Fed Governor Says Regulators Need to Revise Community Bank Rules
"If regulators believe in a dynamic banking system, if we support financial inclusion and extending the availability of banking access, we must acknowledge the importance of community banks and ensure that our regulatory framework preserves their role for the future."
Michelle W. Bowman, Federal Reserve Governor
"If regulators believe in a dynamic banking system, if we support financial inclusion and extending the availability of banking access, we must acknowledge the importance of community banks and ensure that our regulatory framework preserves their role for the future."
Michelle W. Bowman, Federal Reserve Governor
Federal Reserve Governor Michelle W. Bowman urged banking regulators to consider a more flexible regulatory framework that better supports the unique characteristics of community banks.
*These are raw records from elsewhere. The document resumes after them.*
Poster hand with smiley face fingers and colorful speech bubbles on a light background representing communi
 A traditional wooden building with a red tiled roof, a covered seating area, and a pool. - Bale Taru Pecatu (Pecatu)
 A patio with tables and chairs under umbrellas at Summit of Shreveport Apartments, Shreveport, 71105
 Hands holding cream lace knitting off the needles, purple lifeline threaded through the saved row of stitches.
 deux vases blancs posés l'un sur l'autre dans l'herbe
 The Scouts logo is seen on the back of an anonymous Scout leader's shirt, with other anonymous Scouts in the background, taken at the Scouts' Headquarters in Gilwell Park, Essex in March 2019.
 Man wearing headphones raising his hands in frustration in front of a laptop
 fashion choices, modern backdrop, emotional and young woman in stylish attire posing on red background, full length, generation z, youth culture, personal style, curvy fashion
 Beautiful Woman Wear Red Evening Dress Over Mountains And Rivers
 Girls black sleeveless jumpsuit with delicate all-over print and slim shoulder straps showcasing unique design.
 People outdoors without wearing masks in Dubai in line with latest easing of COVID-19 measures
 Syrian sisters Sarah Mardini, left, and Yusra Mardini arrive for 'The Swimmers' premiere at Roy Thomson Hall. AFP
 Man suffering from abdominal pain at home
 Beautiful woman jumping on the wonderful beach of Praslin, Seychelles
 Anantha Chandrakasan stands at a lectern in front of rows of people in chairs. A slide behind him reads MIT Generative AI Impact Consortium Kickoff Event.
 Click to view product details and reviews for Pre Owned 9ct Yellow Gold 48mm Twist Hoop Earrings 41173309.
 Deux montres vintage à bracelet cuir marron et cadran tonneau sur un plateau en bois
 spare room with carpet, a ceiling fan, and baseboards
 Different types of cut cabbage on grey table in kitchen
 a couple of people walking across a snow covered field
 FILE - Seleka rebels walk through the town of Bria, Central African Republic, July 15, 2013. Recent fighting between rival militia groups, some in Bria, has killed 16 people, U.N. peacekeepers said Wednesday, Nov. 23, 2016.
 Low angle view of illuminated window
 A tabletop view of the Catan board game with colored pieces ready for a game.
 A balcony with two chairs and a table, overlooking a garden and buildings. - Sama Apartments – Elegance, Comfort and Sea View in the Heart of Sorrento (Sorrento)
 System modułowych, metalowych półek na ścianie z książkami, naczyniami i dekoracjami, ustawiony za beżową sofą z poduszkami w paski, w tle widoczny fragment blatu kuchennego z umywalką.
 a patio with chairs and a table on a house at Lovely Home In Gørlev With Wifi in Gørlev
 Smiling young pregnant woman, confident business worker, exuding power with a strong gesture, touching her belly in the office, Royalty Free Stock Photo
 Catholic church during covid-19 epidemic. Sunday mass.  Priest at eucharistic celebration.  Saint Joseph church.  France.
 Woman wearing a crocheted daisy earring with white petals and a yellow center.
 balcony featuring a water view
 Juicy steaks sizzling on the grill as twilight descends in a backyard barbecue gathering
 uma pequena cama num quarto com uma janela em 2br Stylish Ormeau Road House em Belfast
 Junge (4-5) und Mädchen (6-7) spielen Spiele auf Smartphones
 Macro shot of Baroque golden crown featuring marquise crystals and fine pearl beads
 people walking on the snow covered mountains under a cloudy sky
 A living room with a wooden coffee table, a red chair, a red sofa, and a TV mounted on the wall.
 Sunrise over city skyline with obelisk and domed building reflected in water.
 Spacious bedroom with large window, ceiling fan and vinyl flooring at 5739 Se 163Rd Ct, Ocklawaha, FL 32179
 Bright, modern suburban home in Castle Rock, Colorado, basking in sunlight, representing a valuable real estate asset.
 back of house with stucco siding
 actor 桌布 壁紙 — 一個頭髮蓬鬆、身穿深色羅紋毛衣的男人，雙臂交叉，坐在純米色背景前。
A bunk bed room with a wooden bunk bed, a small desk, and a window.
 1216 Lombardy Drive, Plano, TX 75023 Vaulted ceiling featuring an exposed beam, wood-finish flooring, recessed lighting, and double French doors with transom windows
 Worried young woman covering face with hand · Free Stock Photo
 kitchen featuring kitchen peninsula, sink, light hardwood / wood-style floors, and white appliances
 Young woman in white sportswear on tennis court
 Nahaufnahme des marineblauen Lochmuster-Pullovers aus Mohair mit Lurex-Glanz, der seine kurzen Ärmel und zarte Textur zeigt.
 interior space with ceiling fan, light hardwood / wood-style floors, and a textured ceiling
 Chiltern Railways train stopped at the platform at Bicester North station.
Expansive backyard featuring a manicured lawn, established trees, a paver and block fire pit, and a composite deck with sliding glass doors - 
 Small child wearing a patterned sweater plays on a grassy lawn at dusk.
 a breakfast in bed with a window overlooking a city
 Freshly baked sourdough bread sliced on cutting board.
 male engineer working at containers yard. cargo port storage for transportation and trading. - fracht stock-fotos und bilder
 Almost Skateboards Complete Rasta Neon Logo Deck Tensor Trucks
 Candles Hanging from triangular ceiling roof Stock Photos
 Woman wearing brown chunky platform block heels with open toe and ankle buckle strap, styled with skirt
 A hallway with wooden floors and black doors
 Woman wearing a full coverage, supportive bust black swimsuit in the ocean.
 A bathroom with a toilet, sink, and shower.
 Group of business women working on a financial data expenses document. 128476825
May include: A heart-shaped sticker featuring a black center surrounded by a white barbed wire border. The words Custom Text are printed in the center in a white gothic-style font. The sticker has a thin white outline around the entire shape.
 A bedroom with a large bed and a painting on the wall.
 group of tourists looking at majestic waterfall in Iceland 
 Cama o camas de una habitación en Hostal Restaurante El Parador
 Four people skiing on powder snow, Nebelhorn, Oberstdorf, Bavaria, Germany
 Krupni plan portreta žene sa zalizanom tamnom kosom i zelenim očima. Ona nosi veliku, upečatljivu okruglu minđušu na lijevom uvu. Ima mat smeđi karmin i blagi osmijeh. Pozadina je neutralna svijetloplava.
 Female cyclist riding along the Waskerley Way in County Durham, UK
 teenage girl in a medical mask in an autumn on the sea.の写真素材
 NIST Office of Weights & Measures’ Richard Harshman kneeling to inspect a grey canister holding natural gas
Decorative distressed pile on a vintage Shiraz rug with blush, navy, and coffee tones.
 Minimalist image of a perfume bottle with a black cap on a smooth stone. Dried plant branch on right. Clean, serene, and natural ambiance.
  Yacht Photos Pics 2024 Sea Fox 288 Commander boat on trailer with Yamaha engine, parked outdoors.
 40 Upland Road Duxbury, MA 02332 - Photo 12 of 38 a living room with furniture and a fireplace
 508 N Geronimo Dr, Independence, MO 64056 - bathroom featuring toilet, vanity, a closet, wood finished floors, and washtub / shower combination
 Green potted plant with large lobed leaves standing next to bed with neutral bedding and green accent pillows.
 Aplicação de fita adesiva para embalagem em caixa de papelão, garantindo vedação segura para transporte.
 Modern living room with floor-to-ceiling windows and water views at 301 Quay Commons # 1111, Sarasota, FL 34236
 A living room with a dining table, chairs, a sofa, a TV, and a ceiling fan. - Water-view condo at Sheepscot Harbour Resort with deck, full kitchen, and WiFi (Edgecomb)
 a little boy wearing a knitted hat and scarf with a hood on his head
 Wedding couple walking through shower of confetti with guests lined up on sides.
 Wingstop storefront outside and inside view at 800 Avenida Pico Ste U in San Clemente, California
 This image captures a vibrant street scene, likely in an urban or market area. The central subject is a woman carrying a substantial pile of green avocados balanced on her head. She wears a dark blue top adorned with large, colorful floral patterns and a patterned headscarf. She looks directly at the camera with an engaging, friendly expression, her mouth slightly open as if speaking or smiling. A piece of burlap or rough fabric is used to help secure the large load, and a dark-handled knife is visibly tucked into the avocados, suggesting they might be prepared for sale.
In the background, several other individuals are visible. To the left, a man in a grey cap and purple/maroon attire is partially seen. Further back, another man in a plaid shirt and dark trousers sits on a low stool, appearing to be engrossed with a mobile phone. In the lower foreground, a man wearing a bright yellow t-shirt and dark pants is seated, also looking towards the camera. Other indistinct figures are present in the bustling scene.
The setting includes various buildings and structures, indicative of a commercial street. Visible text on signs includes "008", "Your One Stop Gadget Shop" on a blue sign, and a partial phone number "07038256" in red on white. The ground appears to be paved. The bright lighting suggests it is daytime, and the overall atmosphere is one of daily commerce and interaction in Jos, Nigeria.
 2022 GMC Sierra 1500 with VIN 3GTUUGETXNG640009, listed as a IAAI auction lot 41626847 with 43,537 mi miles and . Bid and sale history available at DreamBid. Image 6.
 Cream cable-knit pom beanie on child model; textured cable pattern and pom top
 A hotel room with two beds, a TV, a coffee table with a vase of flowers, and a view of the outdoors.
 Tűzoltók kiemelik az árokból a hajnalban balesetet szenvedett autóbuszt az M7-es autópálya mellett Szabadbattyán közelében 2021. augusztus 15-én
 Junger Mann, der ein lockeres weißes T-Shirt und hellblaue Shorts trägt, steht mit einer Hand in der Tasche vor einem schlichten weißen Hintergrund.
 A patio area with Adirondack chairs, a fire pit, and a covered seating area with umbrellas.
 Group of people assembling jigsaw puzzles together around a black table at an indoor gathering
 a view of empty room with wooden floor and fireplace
At a Federal Reserve Bank of St. Louis Community Banking Research Conference, which highlighted the partnership between the Federal Reserve, the Conference of State Bank Supervisors and the Federal Deposit Insurance Corporation, Governor Bowman called for:
- Revisiting community bank definitions. Ms. Bowman criticized the current reliance on fixed asset-size thresholds as outdated. She argued that these thresholds do not account for inflation and economic growth, often placing unnecessary regulatory burdens on smaller banks that do not pose systemic risks. Ms. Bowman urged regulators to focus on the bank's business model and risk profile, rather than a simple asset-size criterion.
- Understanding hidden costs of regulation and supervision. Ms. Bowman warned that supervisory guidance often functions as "de facto" regulation and creates hidden costs for community banks. She raised concerns that unclear guidance can cause confusion and increase compliance burdens, diverting resources from community banks' primary mission of serving their local economies.
- Addressing challenges in bank mergers and de novo bank formation. Ms. Bowman highlighted regulatory barriers that hinder both mergers and the formation of new community banks. She emphasized the need for an environment that allows for bank growth and new bank creation, especially in underserved rural areas. Ms. Bowman criticized the current regulatory framework as too slow and complex, which discourages both mergers and new entrants into the banking market.
- Improving federal and state regulatory coordination. Ms. Bowman urged better coordination between federal and state regulators to improve community bank supervision. She added that state regulators often have a more nuanced understanding of their community banks.
- More representation of community banking experience in federal regulatory bodies. Ms. Bowman argued that such experience provides valuable insights into the practical effects of regulation and helps ensure that policies do not disproportionately burden smaller institutions.
- Tailoring regulations for community banks. Ms. Bowman reiterated the need for tailored regulations that reflect the specific risks and business models of community banks. She warned that imposing the same complex requirements on small institutions as on large, systemically important banks undermines the viability of community banks and could harm local economies.